In February 2002 at a Department of Defense news briefing, then Secretary of Defense, Donald Rumsfeld, made statements that became infamous for their abstract, almost poetic quality. The part that attracted the most attention was the following exchange between a reporter and Rumsfeld:
Question: Could I follow up, Mr. Secretary, on what you just said, please? In regard to Iraq weapons of mass destruction and terrorists, is there any evidence to indicate that Iraq has attempted to or is willing to supply terrorists with weapons of mass destruction? Because there are reports that there is no evidence of a direct link between Baghdad and some of these terrorist organizations.
Rumsfeld: Reports that say that something hasn’t happened are always interesting to me, because as we know, there are known knowns; there are things we know we know. We also know there are known unknowns; that is to say we know there are some things we do not know. But there are also unknown unknowns — the ones we don’t know we don’t know. And if one looks throughout the history of our country and other free countries, it is the latter category that tend to be the difficult ones.
Eight years later, when the irony of that comment is more shocking than its initial obscurity, Rumsfeld’s words have partly inspired a powerful collection of poetry, We Don’t Know We Don’t Know by Nick Lantz. We Don’t Know We Don’t Know is organized into four sections: Known Knowns, Known Unknowns, Unknown Unknowns and Unknown Knowns. Epigraphs from the press conference preface many of the poems. Even more intriguing, however, is that the book draws equal inspiration from the works of Pliny the Elder, a Roman natural philosopher who died in the year 79 AD.
Any poem could collapse under the expectations of premises like these, but Lantz crafts his poems so skillfully that they catch you by surprise when they suddenly break your heart. Just try to read “Of the Parrat and other birds that can speake” and not feel sucker-punched.
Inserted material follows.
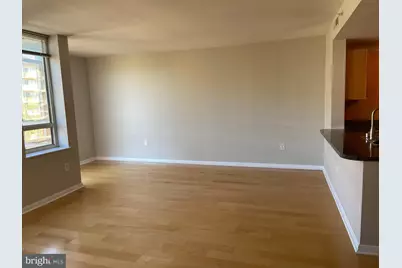 350 G Street SW #N604, Washington, DC 20024 - Photo 8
“Will There Be More Than One ‘Questioner’?” is composed entirely of questions posed to a would-be interrogator. As they relentlessly progress from tactics to the interrogator’s state of mind, the poem gathers momentum and emotional weight. The way this shapes the questioner’s character is reminiscent of Nick Flynn’s examination of culpability, terrorism and interrogation in his memoir The Ticking is the Bomb.
Lantz isn’t afraid to attempt such feats of bravado, but his tone is so restrained and grounded in detail that he pulls it off every time. He makes use of surprising techniques, like censoring lines in “Will There Be More Than One ‘Questioner’?” In another poem, “[ ],” which begins,”Eve refuses to name the animals,” he uses blank spaces in the title and body of the poem to emphasize contrast ideas of sound, silence and naming.
Tricks like these would seem gimmicky if they didn’t work on so many levels. The poems consistently refer to knowing and not knowing. “______, For Which There Is No Translation,” lists a series of definitions impossible to articulate in a single term. We’re left to guess whether words exist in other languages to describe them. The poems often associate scientific, historical and personal images to achieve an element of strangeness. “Translation” works across time and experience, juxtaposing a lost boat in a fishing village and “the bereaved man…seeing some small object / askew: half-flayed orange / left on the table.”
If, once you’ve finished We Don’t Know We Don’t Know, you can’t get enough of Nick Lantz, you’re in luck. We Don’t Know We Don’t Know is his first book, but this year he also published his second one, entitled The Lightning that Strikes the Neighbor’s House. What’s more, it’s an equally solid, compelling work. Here’s a video of Nick Lantz reading from that collection, with “The Year We Blew Up the Whale”:
Publishing two stellar books of daredevil poetry in one year seems an unlikely feat for a writer. Maybe Nick Lantz knows something we don’t.